I can understand that the initial/original goal/target was mobile.
But is there a(ny) technical reason why it couldn't also support 'desktop'
systems?
IIRC and IIUC it does need Zen 3, which my CPU/SoC does.

It needs information about the hardware thermal design to change the
correct coefficients.

Isn't that something that AMD would know?

I have software interfaces that I can use to tell you what APU coefficient is currently programmed. I can tell you what the MAX an APU can support is but I can't tell you what the "rest" of the hardware design can support.

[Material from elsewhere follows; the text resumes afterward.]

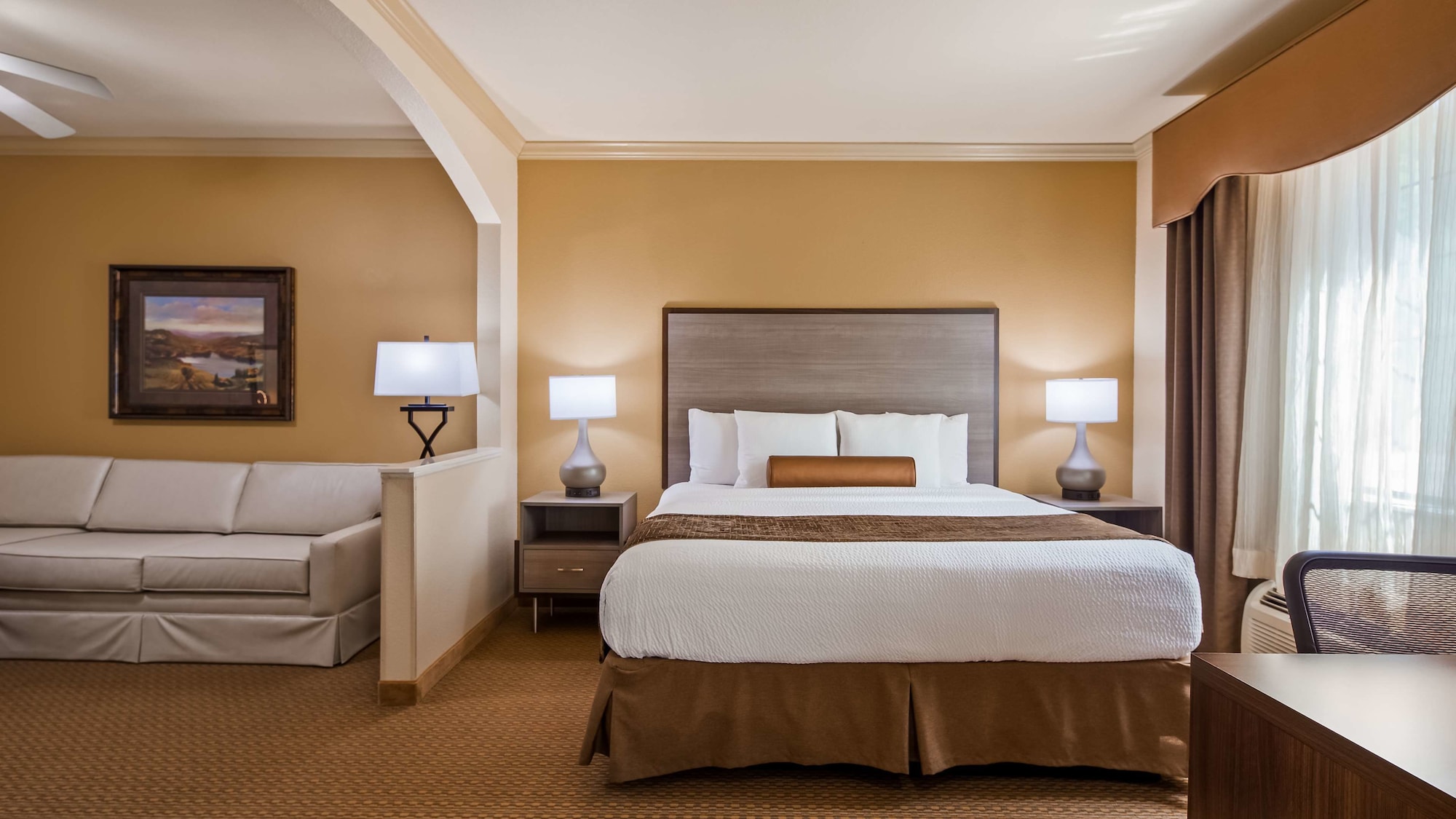 Suite, King Bed, Jetted Tub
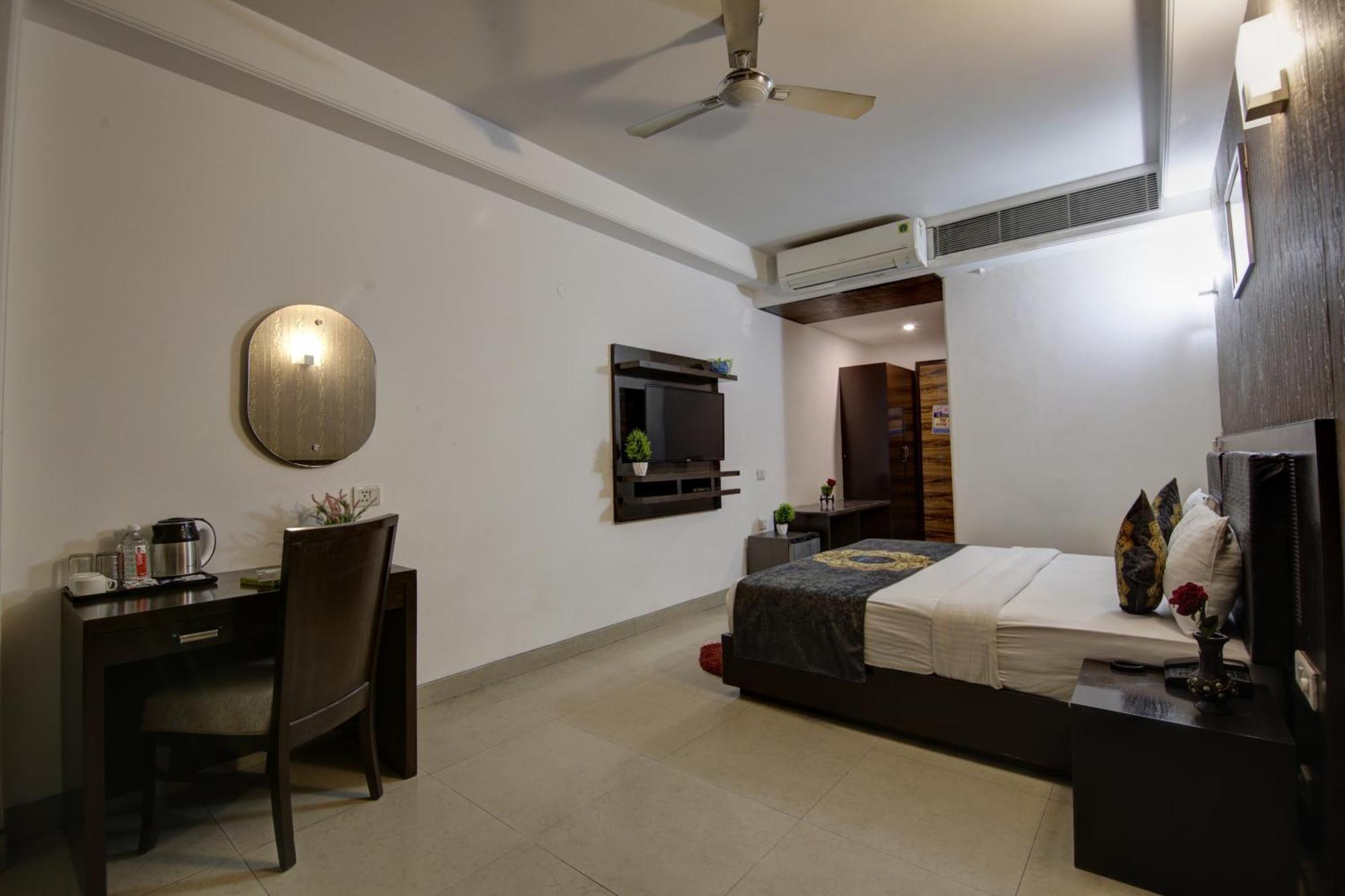 Hotel Venus Plaza New Delhi Bagian luar foto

This depends on hardware stuff.  For example:
1) how big of a heat pipe there is
2) how big of a power supply there is
3) how many fans there are
4) is there a beefy GPU sharing power
5) etc.

Even if you have the thermal headroom if you turn PPT limits up too much your GPU performance might suffer.

Designers do thermal simulations to come up with the numbers for all this stuff and it's proprietary information to go with their design.

That's why it's encoded in BIOS or EC and OS will read it and offer the interface to the user. I really don't think it makes sense in a design it yourself desktop.